Prosecutorial misconduct is becoming uncomfortably familiar to Americans. The Duke Lacrosse Lynching, for example, showed how easily politicized justice or “social justice” can become injustice. As laws increasingly tend to focus on conduct which is politically incorrect, like hate crimes laws, the decision to prosecute or not likewise becomes less connected to justice and more connected to politics.

Equally troubling has been the undermining of historical views of prosecutorial ethics. Last year in Caperton v Massey, the Supreme Court determined that a justice on the West Virginia Supreme Court should have recused himself from hearing the appeal of this case because one of the parties to the case had just contributed $3 Million to the judicial election campaign of the justice. 

It is hard to imagine a more chilling case, though, than what happened in the 1990 capital murder trial of Charles Dean Hood in Texas. Long after the trial had ended, it came out that the trial judge and the prosecuting attorney were in the middle of a long-term extra-marital affair, which included the time period of the murder trial.

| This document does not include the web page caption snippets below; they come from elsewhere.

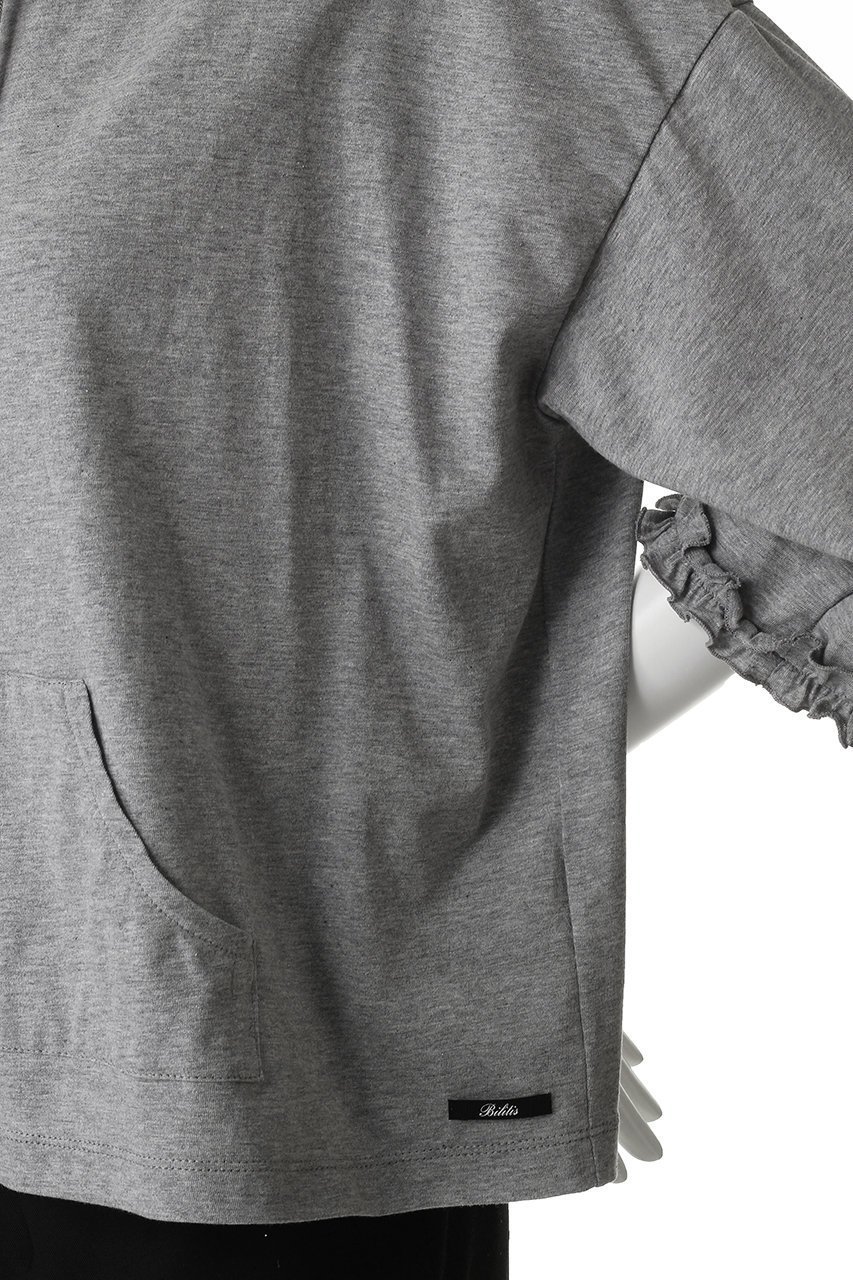 【ビリティス ディセッタン/Bilitis dix-sept ans】のライトウェイトフーディー 人気、トレンドファッション・服の通販 founy(ファニー) 　ファッション　Fashion　レディースファッション　Fashion for Women　トップス・カットソー　Cut & Sew Tops　シャツ・ブラウス・オフィスカジュアル　Elegant Blouses & Button-Ups　レディースパーカー・カジュアルフーディー　Casual Hoodies & Sweatshirts　ロングTシャツ・Tシャツ　Longline T-Shirts & Tees　スウェット・クルーネックトップス　Sweatshirts & Crewnecks / Relaxed Fit Sweat Tops　カットソー・ベーシックTシャツ　Cut-and-Sewn Tops / Stretch Tees & Basics　2026年　2026　エアリー　Airy Texture　デニム　Denim, Jeans Material　フリル　Frill, Ruffle　夏　Summer　春　Spring　S/S・春夏　SS, Spring/Summer, Warm Season　other-5|ID: prp329100004849125 ipo3291000000035469887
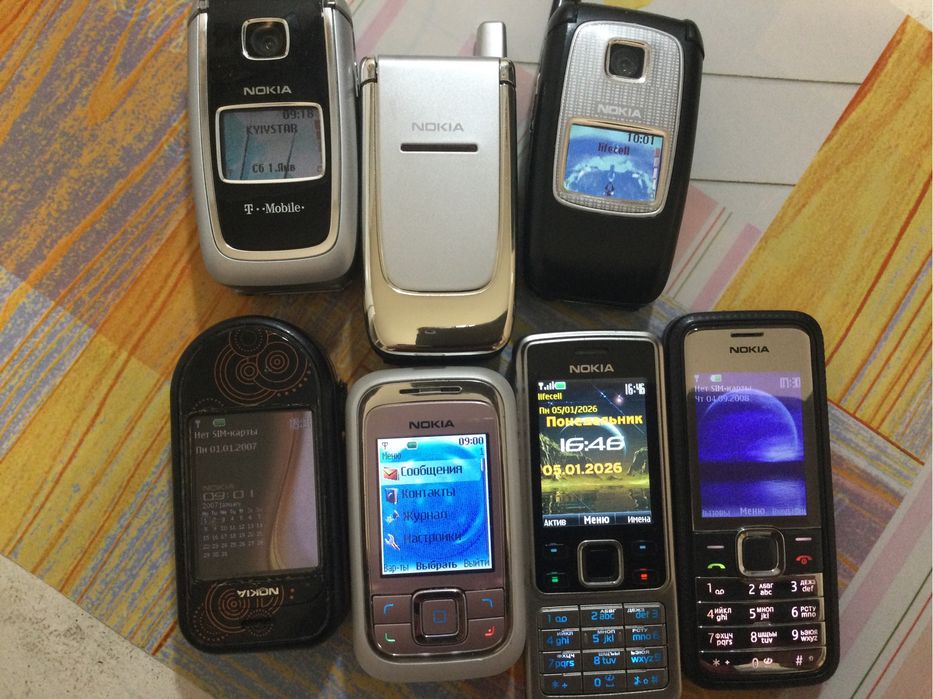 Нокия — 6060;6101;6103;6111;6300;7310с;7373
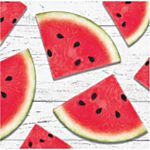 Vattenmelon Kaffeservetter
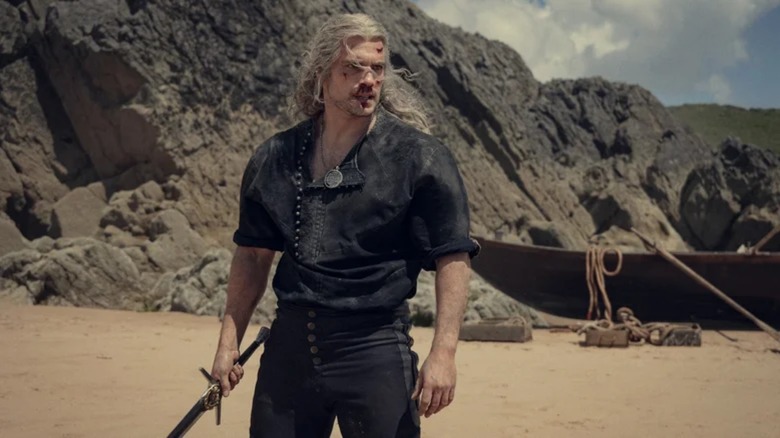 Henry Cavill, The Witcher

The judge and prosecutor were finally forced to admit the affair, after being questioned under oath in 2008. The United States Supreme Court last week denied Hood a new trial, because he had not raised the relationship between the judge and the prosecutor in a timely fashion — although Hood could not have proven the relationship until long after the appeal time had run.

Along with a possible miscarriage of justice, the case also has the troubling quality of throwing into doubt the guilt of a man who was probably guilty. Supreme Court decisions under the Warren Court created so many artificial barriers to proving guilt that the truly guilty have often escaped justice because they were not “Mirandized” or the search and seizure which uncovered indisputable evidence of guilt was not conducted with a search warrant or probable cause. 

Americans understand justice in court.  Justice should be truly impartial.  It should be based upon constitutional laws which are evenly applied. Juries should see all the evidence, except for what is obviously going to be unduly prejudicial. And lawyers arguing cases before the court should not be sleeping with the trial judge.